Size’s celebrated Mercury winner suits home listening as well as the dancefloor.
Mike Diver 2010
If New Forms sounds dated on a listen some 13 years after its release (and it does), it’s no comment on the quality of the original album, which carved a mainstream niche for drum and bass like no album before it. Rather, the feeling that this is the sound of a time and place somewhat detached from the here and now is a product of dance music’s forever-evolving, always mutating splendour – as soon as a new form establishes itself enough to become the norm, so it slips behind a fresher selection of beats. Dubstep, wonky, whatever – much that’s essential today in dance has a shelf life certain to see it dusty in a relatively short period of time.
The debut album from Bristol-born producer Roni Size and his band Reprazent, New Forms stretched itself over two discs upon its release in 1997 – a concise, single-disc version was available, and the album was given a reboot by Size in 2008 which not only trimmed some of its fat but added some brand-new cuts, but for the full experience the 22-track double-disc affair is the version one should turn to. Brown Paper Bag is something of a calling card for Size, amongst the most immediate efforts to charm newcomers following New Forms’ Mercury win in 97 (where it triumphed over the likes of The Chemical Brothers, The Prodigy and Radiohead’s OK Computer); but here, in its nine-minute guise, it’s less a foot in the door than a tumble down a seemingly endless rabbit hole. And it’s not alone in prolonging its company – the twitchy, buzzing Digital is another running to nearly 10 minutes, and the silken step of Heroes continues for over six.
All three of these tracks were shortened come 08’s revised version of New Forms, but there’s no doubt that they sit well in the original’s suite-style sequencing.
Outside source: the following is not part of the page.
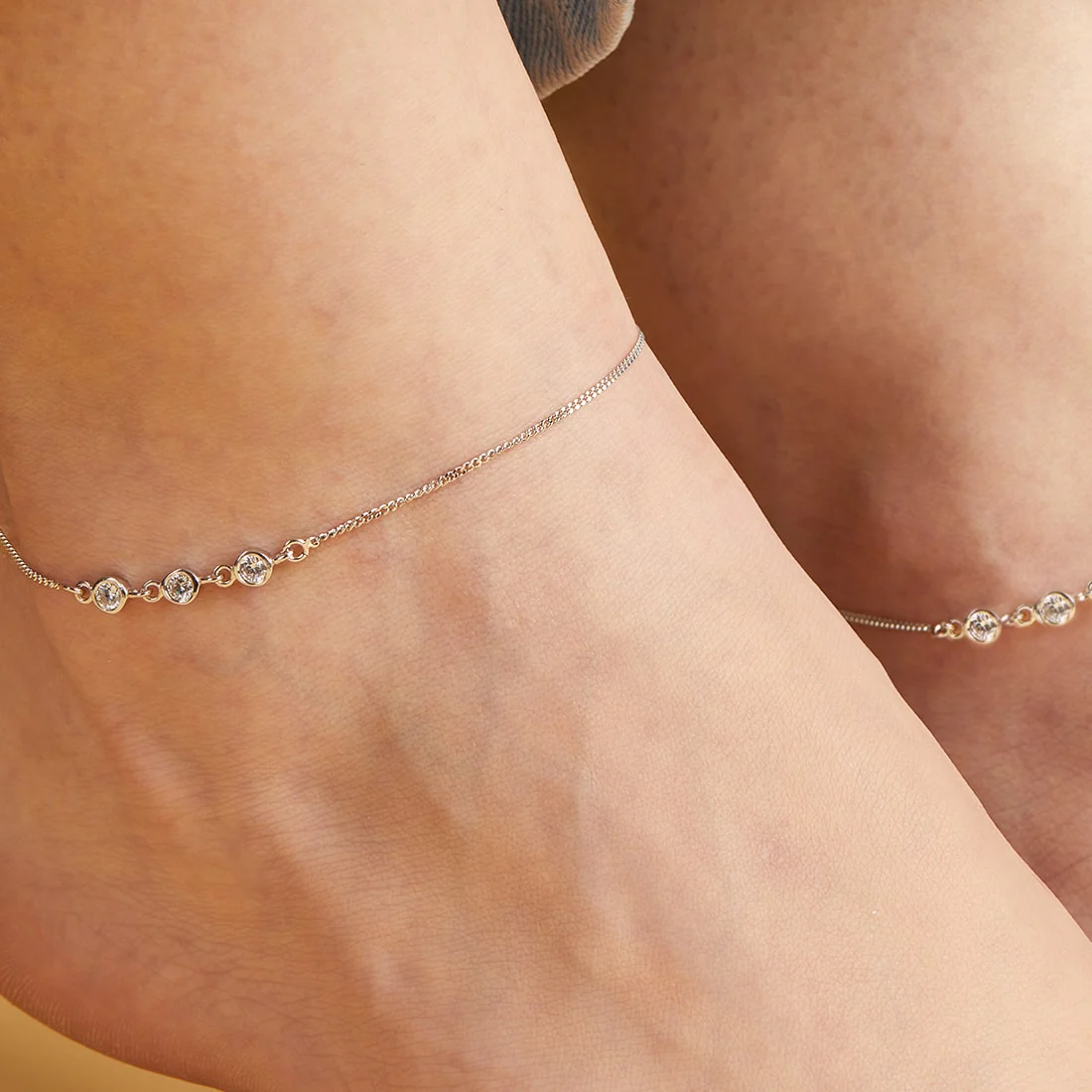 Triple CZ 925 Sterling Silver Chain Anklets - Image 3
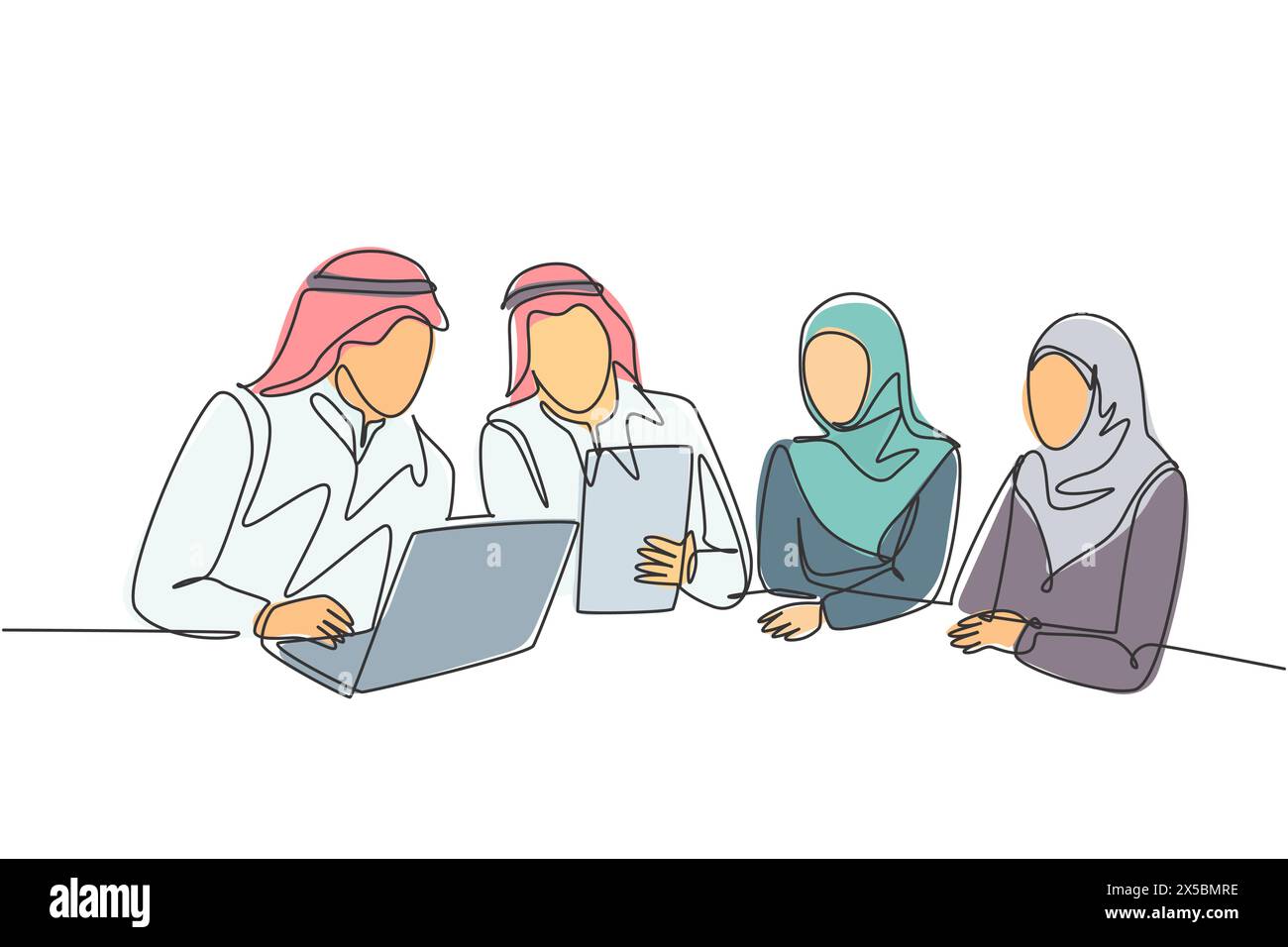 Eine einzige Linie Zeichnung von jungen glücklichen muslimischen Geschäftsmann diskutieren Deal Projekt zusammen. Saudi-Arabien Tuch shmag, kandora, Kopftuch, Thobe, Hijab Stock Vektor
Size might have been familiar with shaking bass bins and quaking dancefloors prior to this magnum opus-proportioned missive, and Reprazent were a mighty live force frequenting no few festivals home and abroad, but he understood the need for a long-play set to sit well in the home environment. So as each track bleeds into the next, New Forms becomes the soundtrack to one’s headspace every bit as effectively as it can trigger the tapping of more than just toes. With jazz undercurrents earning plaudits from outside of the dance sphere, it’s little wonder that this collection was so acclaimed upon its release – if it has gathered dust, brush it off and stick it on.